Desde 1989, as regras para o cálculo do montante individual a ser repassado a cada estado-membro e ao Distrito Federal estavam previstas na Lei Complementar 62/1989. Essa lei, no entanto, não trazia propriamente critérios para distribuição das receitas. Além de distribuir 85% dos recursos para as regiões Norte, Nordeste e Centro-Oeste e o restante para os estados situados no Sul e Sudeste, estabelecia coeficientes individuais fixos, previstos em seu Anexo Único, para o rateio das verbas do fundo entre os diferentes estados-membros (por exemplo, 7,2182 para o Maranhão e 2,8832 para o Paraná).

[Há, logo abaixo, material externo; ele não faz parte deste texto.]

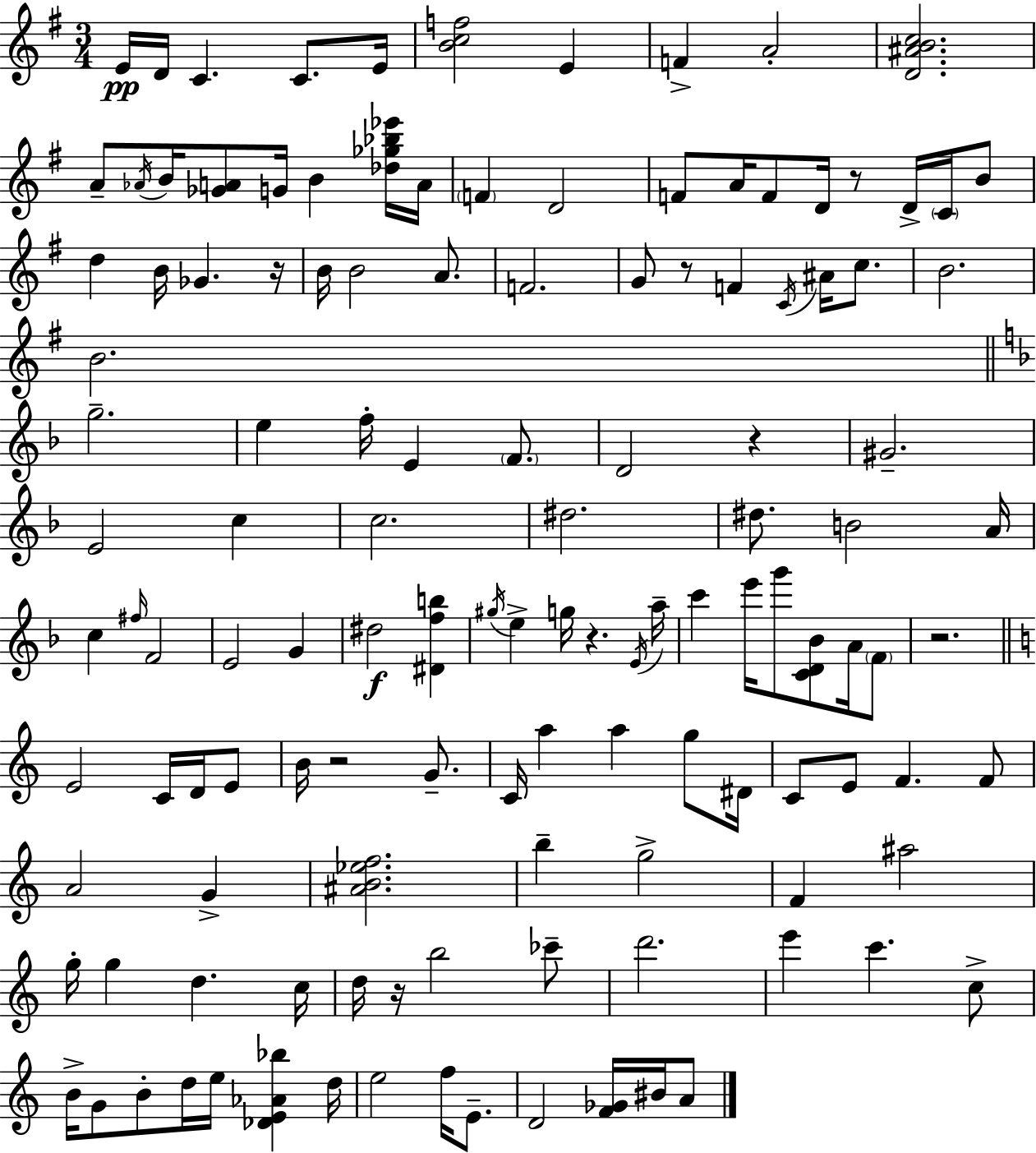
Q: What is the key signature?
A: G major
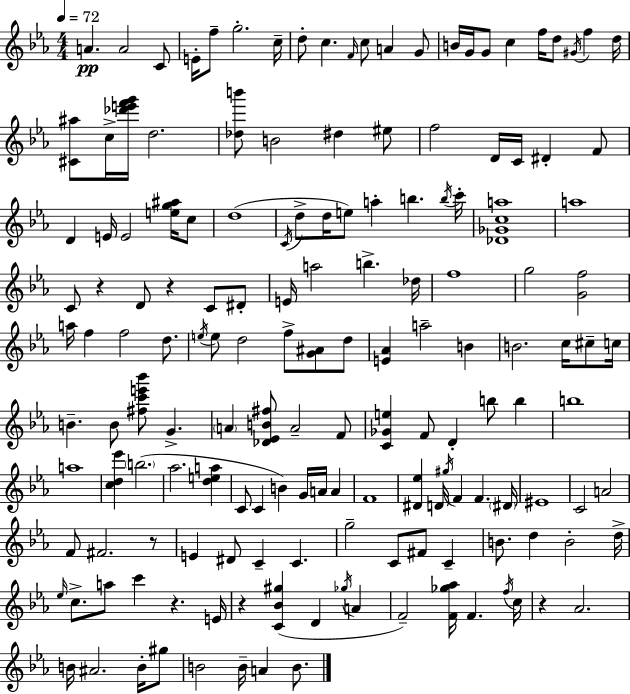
A4/q. A4/h C4/e E4/s F5/e G5/h. C5/s D5/e C5/q. F4/s C5/e A4/q G4/e B4/s G4/s G4/e C5/q F5/s D5/e G#4/s F5/q D5/s [C#4,A#5]/e C5/s [Db6,E6,F6,G6]/s D5/h. [Db5,B6]/e B4/h D#5/q EIS5/e F5/h D4/s C4/s D#4/q F4/e D4/q E4/s E4/h [E5,G5,A#5]/s C5/e D5/w C4/s D5/e D5/s E5/e A5/q B5/q. B5/s C6/s [Db4,Gb4,C5,A5]/w A5/w C4/e R/q D4/e R/q C4/e D#4/e E4/s A5/h B5/q. Db5/s F5/w G5/h [G4,F5]/h A5/s F5/q F5/h D5/e. E5/s E5/e D5/h F5/e [G4,A#4]/e D5/e [E4,Ab4]/q A5/h B4/q B4/h. C5/s C#5/e C5/s B4/q. B4/e [F#5,C6,E6,Bb6]/e G4/q. A4/q [Db4,Eb4,B4,F#5]/e A4/h F4/e [C4,Gb4,E5]/q F4/e D4/q B5/e B5/q B5/w A5/w [C5,D5,Eb6]/q B5/h. Ab5/h. [D5,E5,A5]/q C4/e C4/q B4/q G4/s A4/s A4/q F4/w [D#4,Eb5]/q D4/s G#5/s F4/q F4/q. D#4/s EIS4/w C4/h A4/h F4/e F#4/h. R/e E4/q D#4/e C4/q C4/q. G5/h C4/e F#4/e C4/q B4/e. D5/q B4/h D5/s Eb5/s C5/e. A5/e C6/q R/q. E4/s R/q [C4,Bb4,G#5]/q D4/q Gb5/s A4/q F4/h [F4,Gb5,Ab5]/s F4/q. F5/s C5/s R/q Ab4/h. B4/s A#4/h. B4/s G#5/e B4/h B4/s A4/q B4/e.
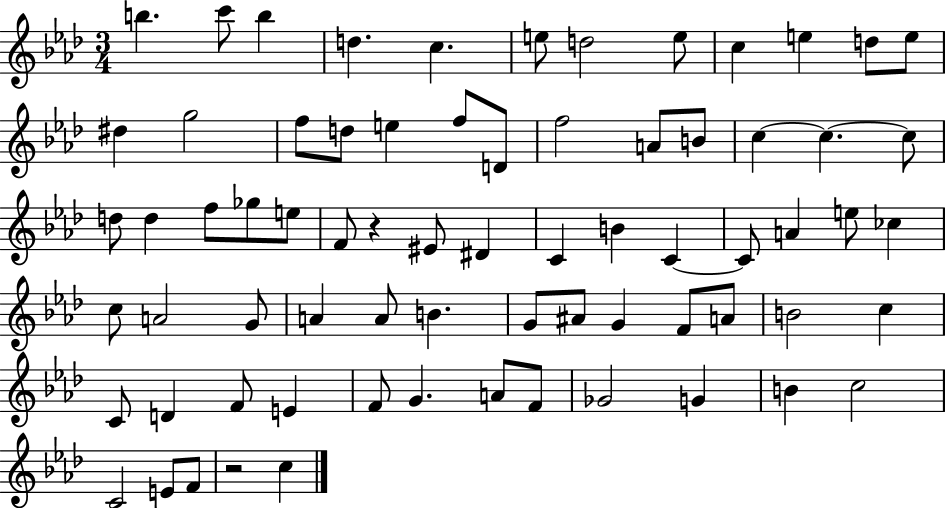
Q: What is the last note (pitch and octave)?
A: C5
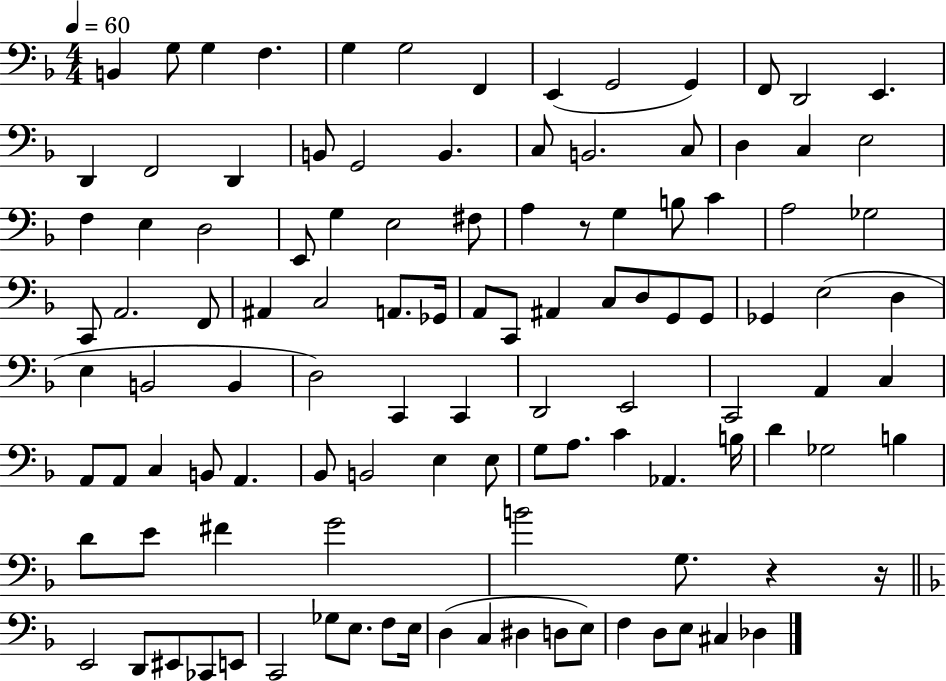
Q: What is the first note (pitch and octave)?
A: B2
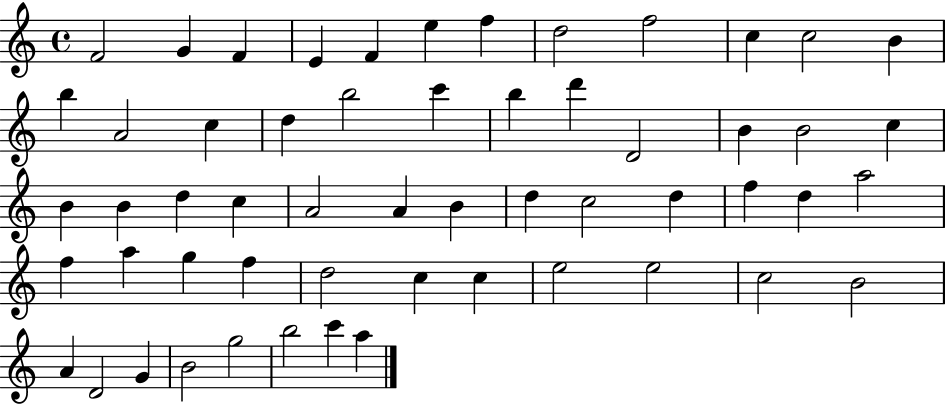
X:1
T:Untitled
M:4/4
L:1/4
K:C
F2 G F E F e f d2 f2 c c2 B b A2 c d b2 c' b d' D2 B B2 c B B d c A2 A B d c2 d f d a2 f a g f d2 c c e2 e2 c2 B2 A D2 G B2 g2 b2 c' a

Inicialmente, os coeficientes individuais deveriam ser provisórios e vigorar apenas nos exercícios de 1990 e 1991. O artigo 2º, parágrafo 2º, da LC 62/1989, determinava que, a partir de 1992, novos critérios de rateio do fundo deveriam ser fixados em lei específica, com base na apuração do censo de 1990. Mas essa lei não chegou a ser editada e, à falta dela, os coeficientes, que eram a princípio temporários, permaneceram em vigor por mais de vinte anos.
Inconformados com a omissão do Congresso Nacional e com a permanência indefinida da fórmula de rateio estabelecida, os governadores do Rio Grande do Sul, Paraná, Santa Catarina (ADI 875) e Mato Grosso do Sul (ADI 2727 e 3243) levaram a questão até o STF (Supremo Tribunal Federal), pela via do controle abstrato. Nas ações diretas propostas, alegava-se que os coeficientes fixos de participação, estabelecidos há mais de uma década por acordo político, não representavam verdadeiros “critérios de rateio”, aptos a evoluir conforme a alteração das circunstâncias socioeconômicas dos Estados e das regiões brasileiras; eram índices estanques, que não guardavam sintonia com a finalidade redistributiva imposta pelo artigo 161, inciso II, da Constituição Federal, nem com o cenário econômico atual.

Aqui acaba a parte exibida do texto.